Pour Alexandre Poidatz, chroniqueur dans l'émission Je pense donc j'agis, il faut à la fois protéger le loup parce que l’heure n’est plus à la domination de la nature, mais à la coopération avec le vivant. Et en même temps préserver l'élevage pour maintenir une certaine biodiversité et un tissu social dans les zones rurales, et produire une alimentation de proximité et de qualité. Cela n'est possible qu'en y mettant les moyens... peu importe le coût.
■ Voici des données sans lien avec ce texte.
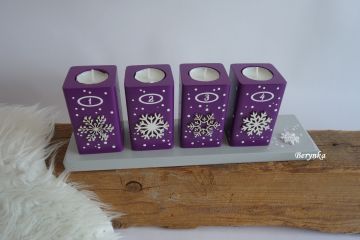 Dřevěné adventní svícny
Protéger le loup ou protéger l’élevage, faut-il choisir ? Je vais vous faire une confidence. Lorsque j’étais petit, ce qui revenait le plus dans mes cauchemars était le loup. J’avais peur du grand méchant loup, qui avait colonisé mon imaginaire. Or, aujourd’hui la crise écologique m’a invité à changer de regard.
Comme nous le dit le pape François dans Laudate Deum, nous sommes dans un monde où les "autres créatures ne sont plus des compagnons mais des victimes" (LD15). La modernité, la technique, nous a en effet habitué à ne plus faire attention aux autres formes de vie, mais à les exploiter. Je vois le loup comme le symbole d’une nouvelle relation entre l’humain et l’animal. Prendre soin du loup, c’est prendre soin de notre maison commune. L’heure n’est plus à la domination de la nature, mais à la coopération avec le vivant.
Ce n'est pas si simple car dans cette Maison commune, il y a aussi des humains. Quid des éleveurs ? Il y a 15 ans, je n’aurais pas été d’accord avec moi-même. Je grandissais alors à côté d’éleveurs, comme les grands-parents de mon ami Dylan, à 1 300 mètres d’altitude, en Haute Savoie, où les attaques de loups se multiplient.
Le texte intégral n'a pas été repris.